Challenges in simulation of snow microstructure and implications for remote sensing of snow mass

Wednesday, 17 December 2014: 9:45 AM
Melody J Sandells, University of Reading, Reading, RG6, United Kingdom, Richard Essery, University of Edinburgh, Edinburgh, United Kingdom, Leena Leppänen, Finnish Meteorological Institute, Sodankylä, Finland, Juha Lemmetyinen, Finnish Meteorological Institute, Helsinki, Finland and Nick Rutter, Northumbria University, Newcastle-Upon-Tyne, NE1, United Kingdom
One of the greatest challenges for global measurement of snow mass is quantification of the snow microstructure. Radiative transfer models are more sensitive to the snow structure metrics used than to snow depth, so microstructure must be well quantified in order to retrieve snow mass from satellite observations. Principles of physics have been used to simulate microstructure in many years of avalanche and climate research, although these have different accuracy requirements to remote sensing applications.

Growth of snow crystals is dependent primarily on the snow temperature gradient, but also the temperature and density of the snow. Forced with the same meteorological data, different models simulate different snow temperatures. Even with the same grain growth assumptions, this leads to different rates of microstructure evolution. This must be taken into consideration if snow models are to be used to give the necessary parameters for retrieval of snow water equivalent.

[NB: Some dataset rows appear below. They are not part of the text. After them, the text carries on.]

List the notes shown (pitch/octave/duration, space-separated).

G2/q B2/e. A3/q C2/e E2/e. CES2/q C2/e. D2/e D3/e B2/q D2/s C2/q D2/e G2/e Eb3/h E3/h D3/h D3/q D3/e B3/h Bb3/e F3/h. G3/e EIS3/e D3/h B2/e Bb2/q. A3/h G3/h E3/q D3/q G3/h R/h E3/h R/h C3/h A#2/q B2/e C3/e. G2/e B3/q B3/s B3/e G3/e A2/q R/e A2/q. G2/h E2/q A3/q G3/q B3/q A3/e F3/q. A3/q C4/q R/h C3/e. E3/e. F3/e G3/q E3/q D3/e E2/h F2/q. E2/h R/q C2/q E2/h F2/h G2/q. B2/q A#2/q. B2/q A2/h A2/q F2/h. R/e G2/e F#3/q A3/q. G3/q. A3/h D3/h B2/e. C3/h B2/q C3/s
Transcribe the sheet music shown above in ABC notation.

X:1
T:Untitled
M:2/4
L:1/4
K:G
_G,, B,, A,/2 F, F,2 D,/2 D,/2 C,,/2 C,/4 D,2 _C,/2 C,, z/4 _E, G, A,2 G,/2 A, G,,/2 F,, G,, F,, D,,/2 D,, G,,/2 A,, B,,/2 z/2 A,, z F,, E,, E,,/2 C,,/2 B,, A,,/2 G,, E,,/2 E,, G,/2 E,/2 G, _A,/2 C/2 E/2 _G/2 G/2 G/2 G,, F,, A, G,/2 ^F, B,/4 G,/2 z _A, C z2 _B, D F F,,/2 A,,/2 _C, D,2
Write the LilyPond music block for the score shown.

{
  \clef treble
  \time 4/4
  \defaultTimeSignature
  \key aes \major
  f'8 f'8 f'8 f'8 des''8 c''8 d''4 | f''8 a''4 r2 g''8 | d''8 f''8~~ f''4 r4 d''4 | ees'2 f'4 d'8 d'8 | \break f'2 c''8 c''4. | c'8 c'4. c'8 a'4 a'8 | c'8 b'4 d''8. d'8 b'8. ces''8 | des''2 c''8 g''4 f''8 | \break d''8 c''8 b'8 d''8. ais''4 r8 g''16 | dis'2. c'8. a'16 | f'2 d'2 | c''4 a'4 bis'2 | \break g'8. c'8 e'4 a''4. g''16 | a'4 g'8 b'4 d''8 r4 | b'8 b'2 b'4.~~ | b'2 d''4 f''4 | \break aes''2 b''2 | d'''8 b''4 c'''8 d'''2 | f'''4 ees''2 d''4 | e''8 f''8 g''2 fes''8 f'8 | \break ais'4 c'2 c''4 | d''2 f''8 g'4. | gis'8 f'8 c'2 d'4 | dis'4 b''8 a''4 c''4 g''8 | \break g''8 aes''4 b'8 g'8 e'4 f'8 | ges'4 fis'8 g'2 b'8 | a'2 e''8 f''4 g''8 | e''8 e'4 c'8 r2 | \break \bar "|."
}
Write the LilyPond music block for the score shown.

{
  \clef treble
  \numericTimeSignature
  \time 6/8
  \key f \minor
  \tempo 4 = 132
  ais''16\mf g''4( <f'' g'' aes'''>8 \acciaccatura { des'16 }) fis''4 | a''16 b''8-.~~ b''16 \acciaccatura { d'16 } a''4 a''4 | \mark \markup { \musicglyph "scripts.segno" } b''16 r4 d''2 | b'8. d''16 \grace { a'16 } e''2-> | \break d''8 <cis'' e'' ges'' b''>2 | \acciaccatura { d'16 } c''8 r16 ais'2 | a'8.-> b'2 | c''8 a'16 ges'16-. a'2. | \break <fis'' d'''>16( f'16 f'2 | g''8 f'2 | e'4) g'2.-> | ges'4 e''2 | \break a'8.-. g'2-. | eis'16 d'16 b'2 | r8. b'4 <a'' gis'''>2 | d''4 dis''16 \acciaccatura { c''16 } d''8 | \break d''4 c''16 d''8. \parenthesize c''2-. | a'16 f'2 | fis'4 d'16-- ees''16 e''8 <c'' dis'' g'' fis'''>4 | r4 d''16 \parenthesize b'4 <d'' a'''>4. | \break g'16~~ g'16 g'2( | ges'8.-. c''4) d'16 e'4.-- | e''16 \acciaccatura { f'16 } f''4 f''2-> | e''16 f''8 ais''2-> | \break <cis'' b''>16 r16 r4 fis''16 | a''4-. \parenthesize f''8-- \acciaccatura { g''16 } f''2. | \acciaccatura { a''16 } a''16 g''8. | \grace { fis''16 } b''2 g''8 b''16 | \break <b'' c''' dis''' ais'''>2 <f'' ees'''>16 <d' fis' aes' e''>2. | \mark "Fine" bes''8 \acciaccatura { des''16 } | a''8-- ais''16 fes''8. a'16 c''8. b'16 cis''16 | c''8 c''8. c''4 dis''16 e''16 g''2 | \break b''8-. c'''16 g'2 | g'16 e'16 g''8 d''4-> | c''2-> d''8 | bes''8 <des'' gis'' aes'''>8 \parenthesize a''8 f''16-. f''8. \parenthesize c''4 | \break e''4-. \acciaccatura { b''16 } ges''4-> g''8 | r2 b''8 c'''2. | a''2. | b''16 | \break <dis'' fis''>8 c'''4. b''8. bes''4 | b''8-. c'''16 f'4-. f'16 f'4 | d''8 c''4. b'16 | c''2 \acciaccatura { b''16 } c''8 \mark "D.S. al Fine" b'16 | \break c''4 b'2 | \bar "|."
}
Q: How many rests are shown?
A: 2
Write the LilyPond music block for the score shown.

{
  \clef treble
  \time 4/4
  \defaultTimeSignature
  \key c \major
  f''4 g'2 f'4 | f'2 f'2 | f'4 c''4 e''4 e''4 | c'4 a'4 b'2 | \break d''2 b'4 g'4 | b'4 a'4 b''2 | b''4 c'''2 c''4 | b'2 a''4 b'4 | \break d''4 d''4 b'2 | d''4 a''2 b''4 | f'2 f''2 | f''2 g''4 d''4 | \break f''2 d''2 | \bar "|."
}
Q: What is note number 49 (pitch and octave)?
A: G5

The JULES Investigation Model snow model (JIM) has a highly configurable structure that allows different layering assumptions to be used. It incorporates all major components from existing snow models, which enables the simulation of an ensemble of 1701 members. JIM was used to quantify the impact of different model parameterizations such as snow compaction and thermal conductivity on simulated microstructure (previously referred to as ‘grain size’) for each of four different grain size parameterizations from the Crocus, MOSES, SNICAR and SNTHERM models. The Helsinki University of Technology snow microwave emission model was then used to demonstrate the impact of different snow model assumptions on the simulation of microwave brightness temperature. This paper discusses potential snow mass retrieval errors due to uncertainties in snow parameters from snow evolution models, and how these may be mitigated through techniques such as data assimilation.